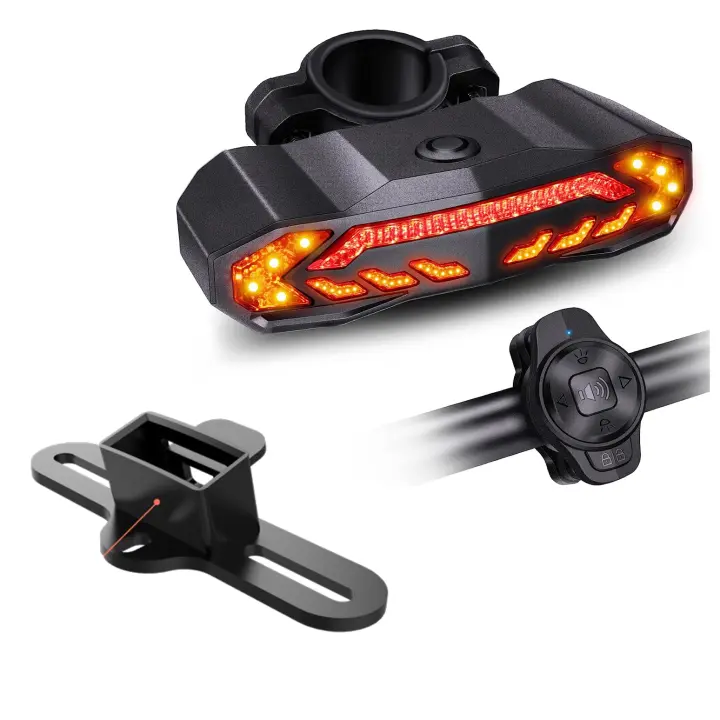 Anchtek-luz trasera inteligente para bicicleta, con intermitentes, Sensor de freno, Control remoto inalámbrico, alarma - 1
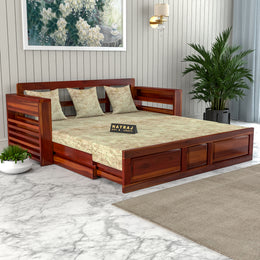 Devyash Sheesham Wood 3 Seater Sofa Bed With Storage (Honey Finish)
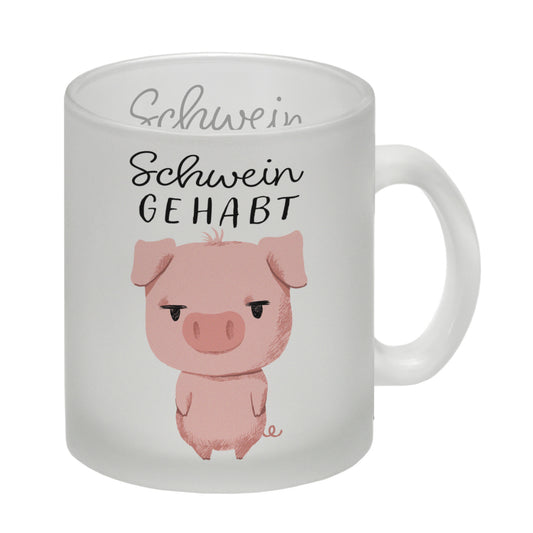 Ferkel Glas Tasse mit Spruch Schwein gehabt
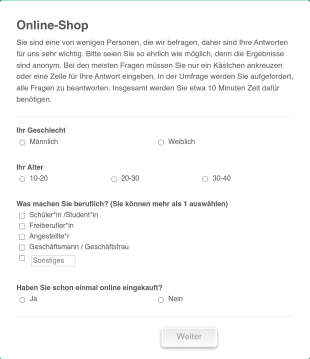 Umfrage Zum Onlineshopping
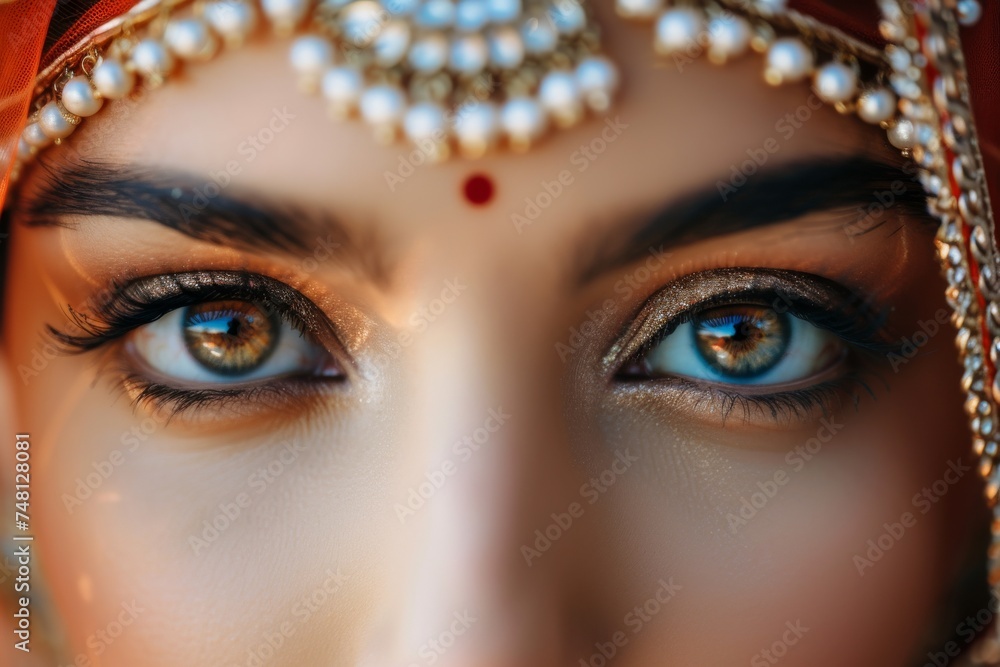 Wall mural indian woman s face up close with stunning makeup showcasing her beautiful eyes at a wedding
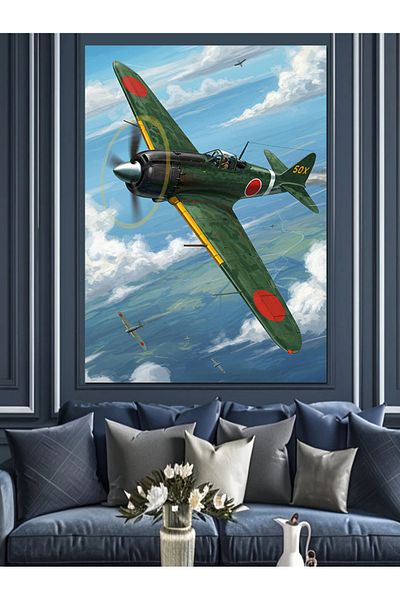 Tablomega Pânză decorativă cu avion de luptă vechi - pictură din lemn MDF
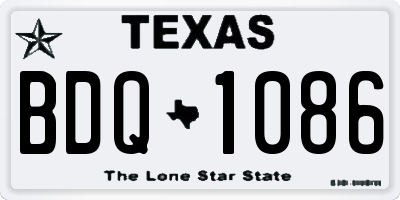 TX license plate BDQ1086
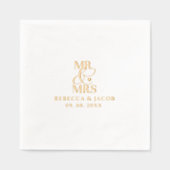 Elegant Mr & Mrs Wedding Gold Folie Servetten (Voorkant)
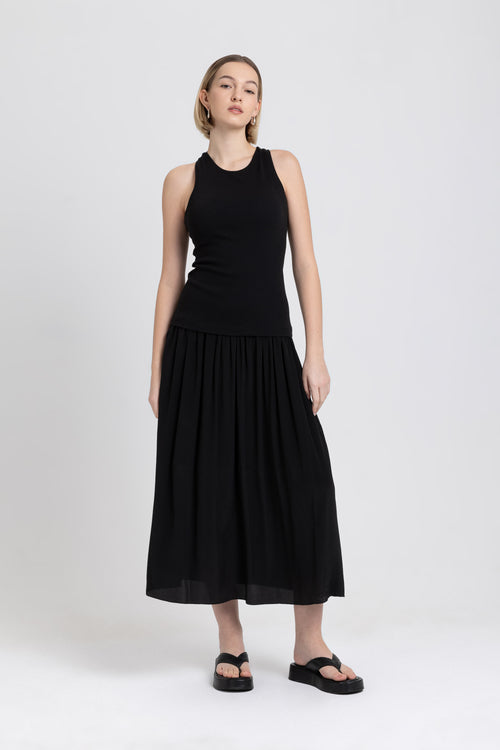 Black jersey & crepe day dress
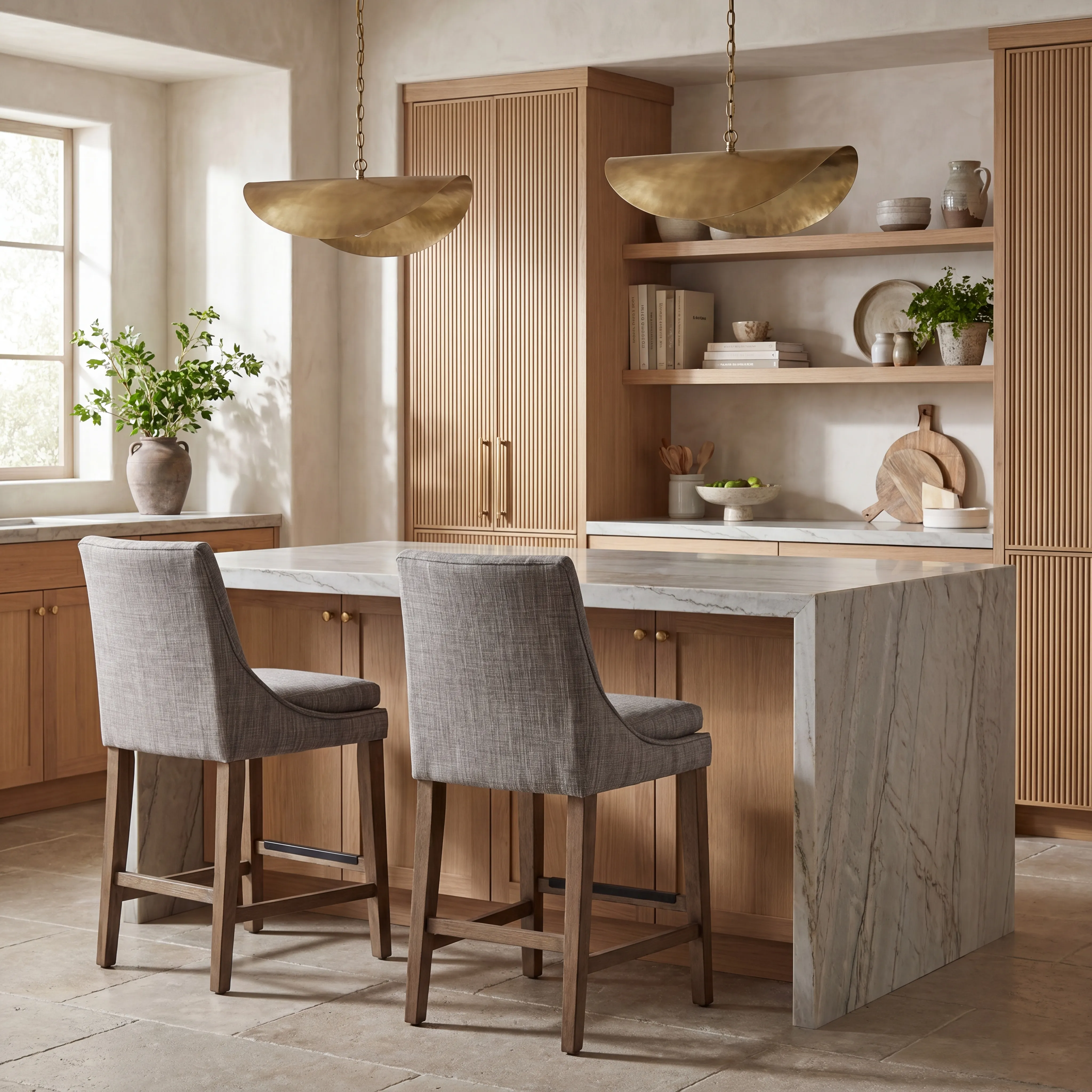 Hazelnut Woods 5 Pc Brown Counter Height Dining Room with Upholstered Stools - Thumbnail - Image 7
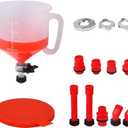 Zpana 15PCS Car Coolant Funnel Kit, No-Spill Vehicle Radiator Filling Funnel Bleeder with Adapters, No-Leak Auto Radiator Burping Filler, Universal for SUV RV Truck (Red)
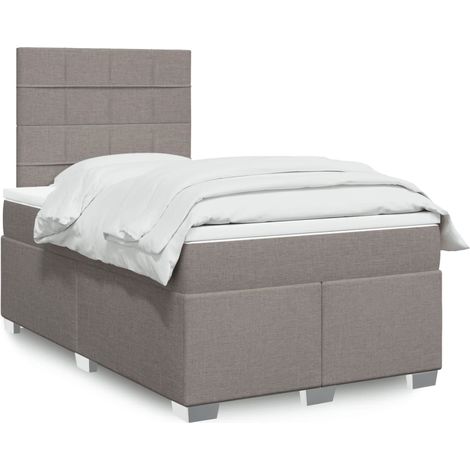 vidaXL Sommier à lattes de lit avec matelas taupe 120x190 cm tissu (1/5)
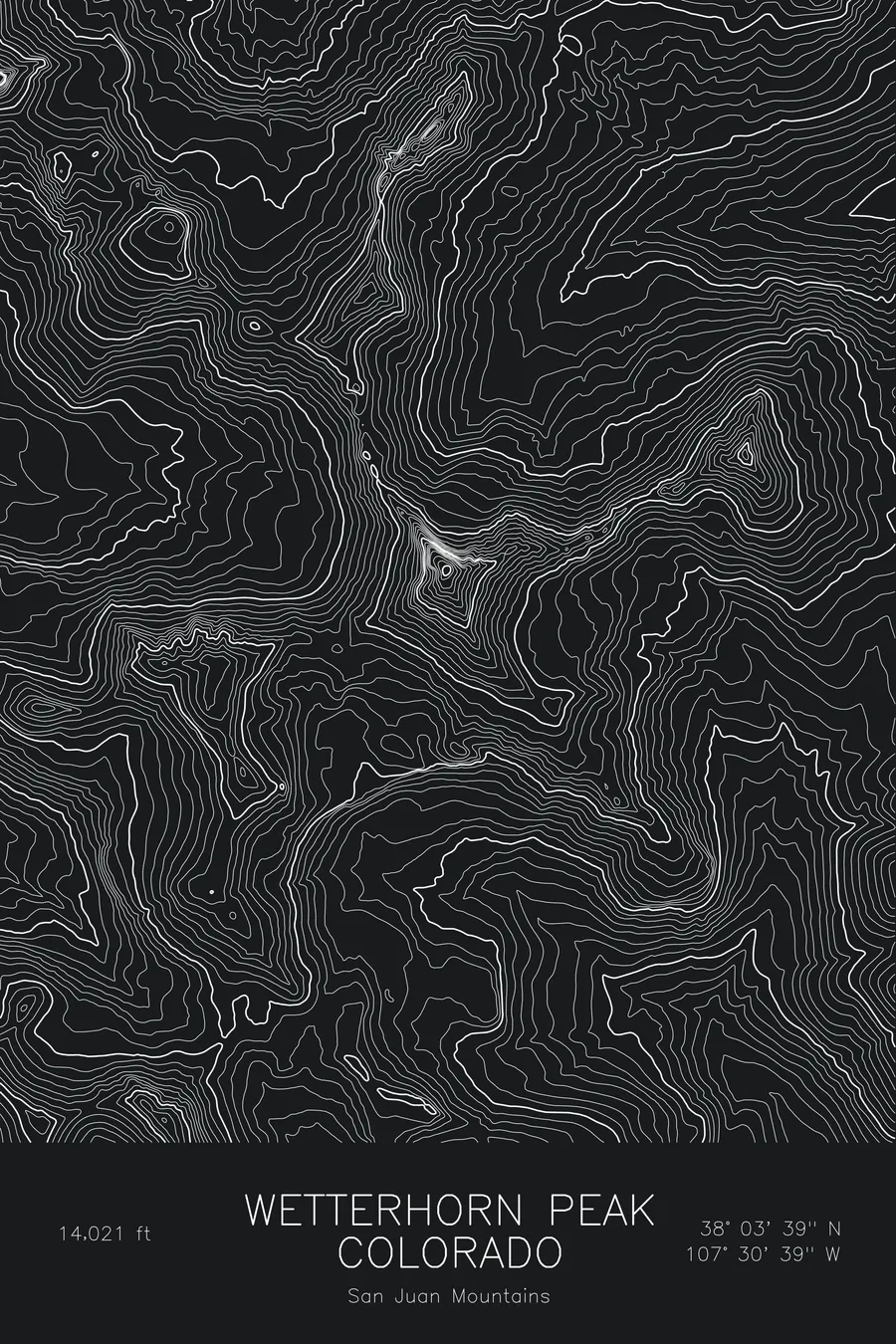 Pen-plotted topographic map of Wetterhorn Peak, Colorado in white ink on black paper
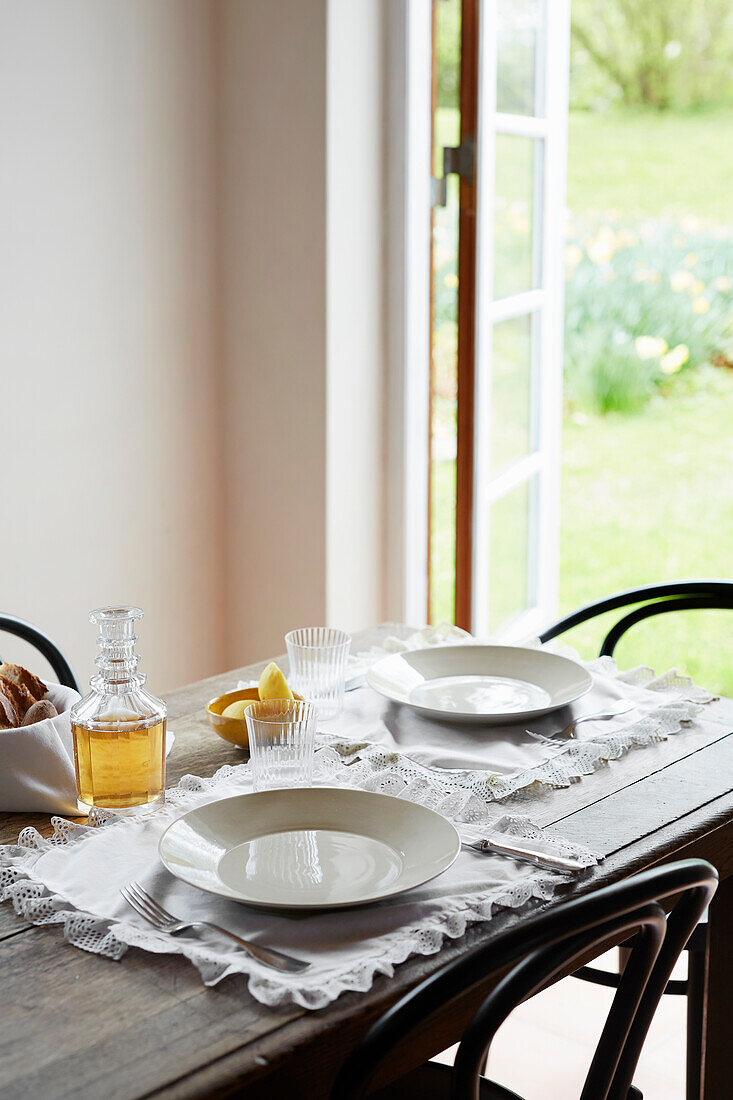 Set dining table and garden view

_TASK TO CARRY OUT_. In the listing above, find the line containing "Black jersey & crepe day dress" and the line containing "vidaXL Sommier à", then return both of them and every line between, exactly, without pictures.

_REPLY TO THE EXERCISE_.
 Black jersey & crepe day dress
 Hazelnut Woods 5 Pc Brown Counter Height Dining Room with Upholstered Stools - Thumbnail - Image 7
 Zpana 15PCS Car Coolant Funnel Kit, No-Spill Vehicle Radiator Filling Funnel Bleeder with Adapters, No-Leak Auto Radiator Burping Filler, Universal for SUV RV Truck (Red)
 vidaXL Sommier à lattes de lit avec matelas taupe 120x190 cm tissu (1/5)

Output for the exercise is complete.